Hiç unutmuyorum bir pazar günü senaryo üzerine çalışıyorum. Televizyonda gördüm öfkeyle konuşuyordu, çok kızgındı. Muhteşem bir surat... Bir sene sonra da senaryoyu götürdüm kendisine. Dedim ki üstat böyle bir rol var, rol küçük ama ben seni burada görmek istiyorum. Ertesi gün senaryoyu okudu ve ben varım dedi. İyi ki de birlikte çalışmışız çok memnunum. Filmden çıkan herkesin aklında özel olarak İlyas Salman kalıyor.

Sonuçta iyi bir iş yaptım diyebiliyor musunuz?
Ben kafamdaki filmi çektim. İyi bir iş yaptığımı çok rahatlıkla söyleyebilirim. Film eleştirmenlerine yaptığımız basın gösteriminde aldığım tepkiler, onların yazdığı yazılar çok olumluydu. Arada olumsuz şeyler söyleyenler de var ama hani tartışır mıyım onlarla tartışmam, ama yazdıklarına katılıyor muyum, katılmıyorum. Onlar benim filme baktığım yerden bakmıyorlar. Başka yerden bakıyorlar. Böyle bir hakları da var tabii. Seyircilerden önemli bir kısmından özellikle kadın seyircilerden enteresandır çok pozitif şeyler alıyorum. Romanı okumuş olup da filmine gelen, hatta bir kez daha taze taze romanı okuyan insanlar var. Biz romanı çok sevdik ama filmi sevmedik diyebilirlerdi. Ama demediler. O yüzden çok keyifliyim.
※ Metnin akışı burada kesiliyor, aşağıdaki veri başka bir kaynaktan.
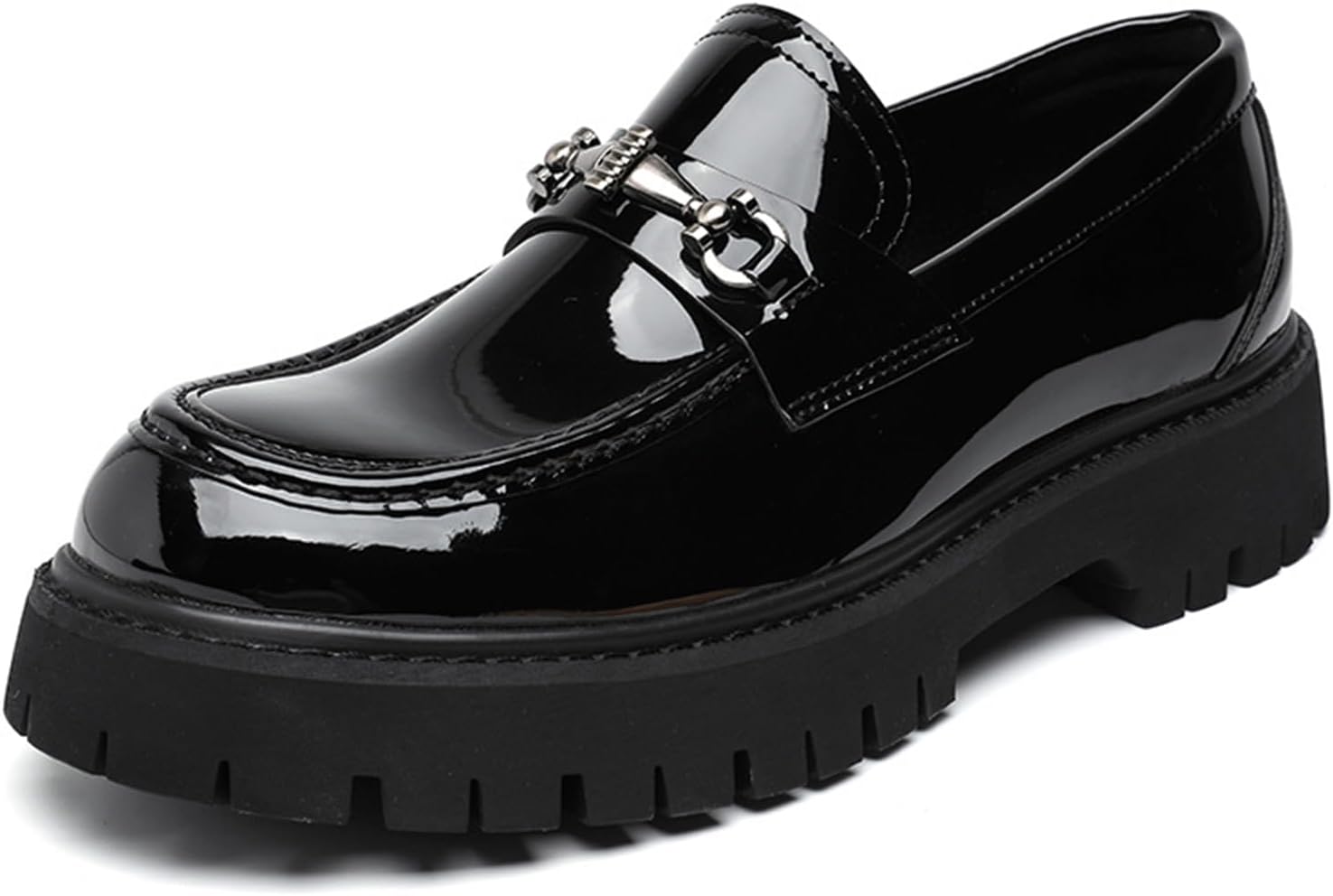 

Мужские лоферы на платформе из лакированной кожи, с перемычкой, для официального делового стиля и свадебных мероприятий, удобные, с противоскользящей подошвой, на низком каблуке, без шнурков Generic, черный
Roman çok okundu, peki filmin de aynı ilgiyi yakalayacağını düşünüyor musunuz?
Çok satmış bir roman. Kitabı okuyanların da merak ettiğini düşünürsek belli bir gişe yapacaktır. Milyonlara ulaşmasını beklemek ham hayal ama önemli sayıda insanın seyredeceğini düşünüyorum.
(İstanbul/EVRENSEL)
Televizyonda ağır bir sömürü var

Keşke sinema sektör kelimesinin içini doldurabilecek bir olgunluğa erişse. Ama ağırlıkla televizyon dizileri üzerinden gidiyor. Yani eski Yeşilçam bugün televizyon üzerinden yürüyor. Yılda 80 tane dizi çekiliyor. Bunların her biri 80 dakika ki bir uzun metrajlı film demek. Haftada 80 tane film çekiliyor gibi bir durum var ortada. Arkadaşlarım çok yoğun çalışıyor. Ayrıca bir parantez açmak gerekirse orada da ağır bir sömürü var. Haftada 80 dakikalık bir film çekmek neredeyse imkansız. Bu nasıl oluyor bilmiyorum. Ben iki senedir dizi işlerine bulaşmadım. Ama yazması, çekmesi, oynaması, kameramanlığını yapması da zordur. Ama o tezgahtan da bir sürü insan pişiyor. Orada çalışan bütün arkadaşlarımın hayali uzun metrajlı bir sinema filmi çekmektir. Kameramanlığını yapmaktır, oynamaktır. Bu sene üretkenlik artarak devam ederse biraz daha taşlar yerine oturacaktır. Sinema biraz daha sektörleşecektir. Ama bugünden çok sağlıklı bir değerlendirme yapamam açıkçası.